«Si des terroristes parviennent à commettre des attentats, c’est parce qu’ils peuvent se procurer des ressources financières pour ce faire, en France et à l’étranger», a souligné le ministre des Finances, ce lundi. Selon Michel Sapin, les auteurs des attentats de Paris auraient utilisé des cartes bancaires prépayées. Certaines de ces cartes, qui ont débarqué en Europe au début de la décennie, peuvent être rechargées sans vérification d’identité.
«Les sommes en jeu sont souvent modestes», a précisé le ministre, les terroristes cherchant ainsi à «échapper à toute traçabilité». C’est un moyen de paiement pratique et quasi-anonyme, puisqu’il est possible de le créditer à hauteur de 2 500 euros par an sans vérification d’identité. Même chose pour les cartes non rechargeables (jetables) dont le montant maximum peut être de 250 euros. Le ministère des Finances prépare donc un décret durcissant les règles pour ce moyen de paiement essentiellement utilisé par des étrangers lors d’un voyage en France, afin de revoir à la baisse les plafonds et de renforcer les contrôles d’identité lors des recharges.
«Ces cartes prépayées sont délivrées à l’étranger, pas très loin, et utilisées sur le territoire national, au hasard pour payer des chambres d’hôtel», a expliqué Bruno Dalles, le patron de Tracfin (Traitement du renseignement et action contre les circuits financiers clandestins, qui dépend de Bercy), en référence aux chambres d’hôtel de banlieue parisienne où les assaillants ont dormi la nuit précédant les attentats. «Elles sont utilisées dans l’économie souterraine, dans la criminalité organisée, c’est un outil qui remplace le cash, très discret, pas tracé. C’est quelque chose qu’il faut absolument corriger», a ajouté le patron de Tracfin.

Durcir les mesures de gel des biens

Autre mesure : les agents de Tracfin pourront consulter directement le fichier des personnes recherchées, afin de «travailler en temps réel» sur l’environnement financier des suspects. Jusqu’ici l’accès à ce fichier, qui comprend notamment les fiches S des personnes soupçonnées de radicalisation, était «extrêmement limité», et devait passer par des «officiers de liaison», a souligné Michel Sapin.

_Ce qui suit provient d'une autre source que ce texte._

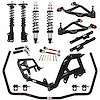 DK42-FMM3 QA1 Suspension Kit, Level 2 Drag Kit, 90-93 Mustang, Wide Stance - image 1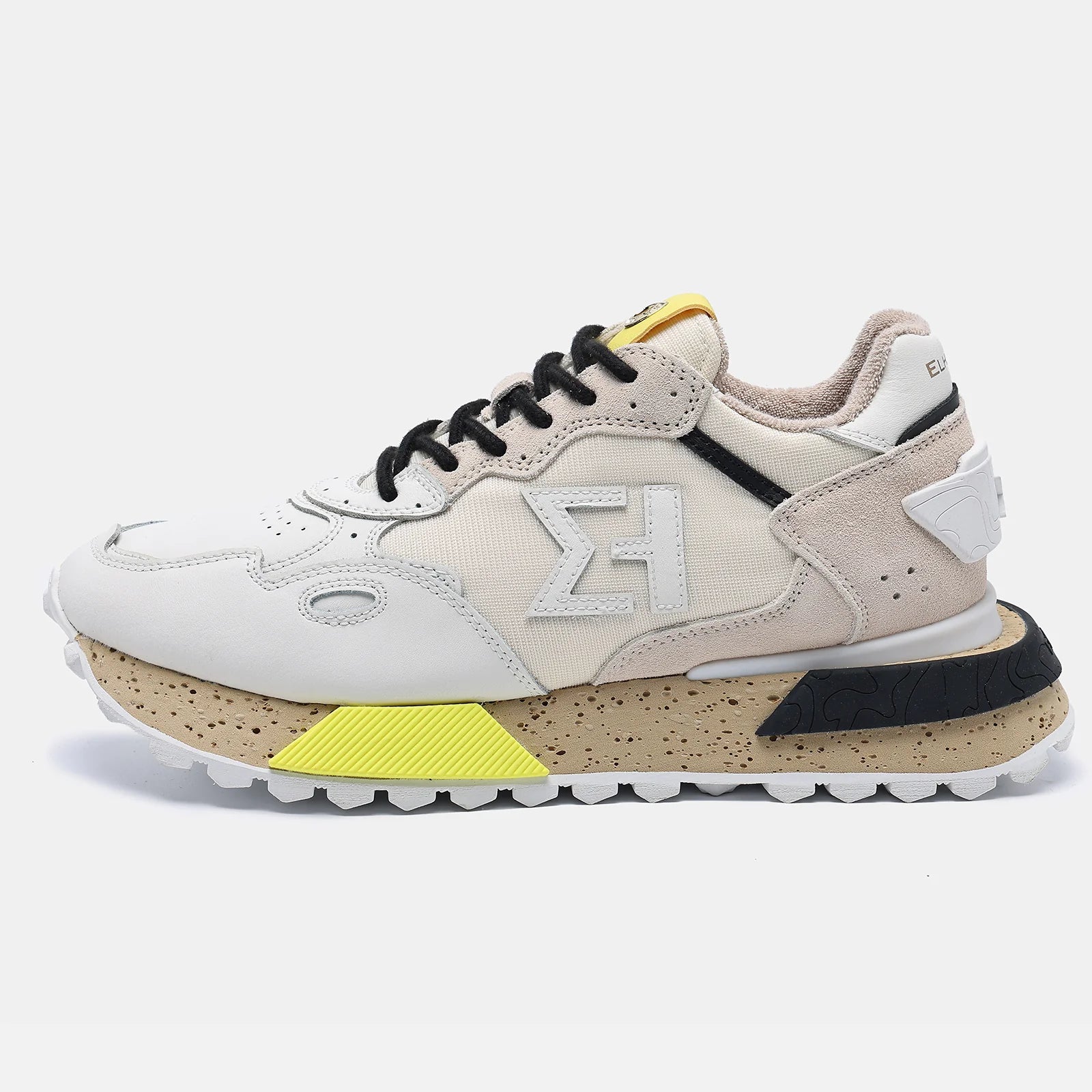 Elhann NSJ358 WBN Erkek Sneaker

Enfin, la France entend durcir les mesures de gel des biens visant les personnes physiques ou morales qui commettent ou tentent de commettre, des actes de terrorisme. Si jusqu’ici le gel touchait surtout les comptes bancaires, il pourrait prochainement s’appliquer aussi aux biens immobiliers et aux voitures, mais aussi à certaines prestations sociales. Encore faudrait-il que les personnes visées possèdent en France ou dans le reste de l’Europe ce type de biens. Une hypothèse peu crédible selon de nombreux spécialistes.
Au niveau international, le ministre des Finances a indiqué qu’il demanderait aux autres Etats membres de l’Union européenne d’«accélérer considérablement» la mise en œuvre de la dernière directive européenne anti-blanchiment, jusqu’ici prévue pour 2017. A une échelle plus large, Bercy réclame un travail «plus subtil» du GAFI (Groupe d’action financière), organisme international de lutte contre le blanchiment et le terrorisme, dans l’identification des Etats «non coopératifs». Sa «liste noire» en la matière ne comprend que l’Iran et la Corée du Nord.
Michel Sapin a enfin estimé qu’il était temps que les pays européens aient un meilleur accès aux informations du réseau interbancaire Swift. Cette société basée à Bruxelles fournit des services de messagerie standardisée de transfert interbancaire à près de 11 000 institutions dans plus de 205 pays, pour un montant de transactions journalières total se chiffrant en milliers de milliards de dollars.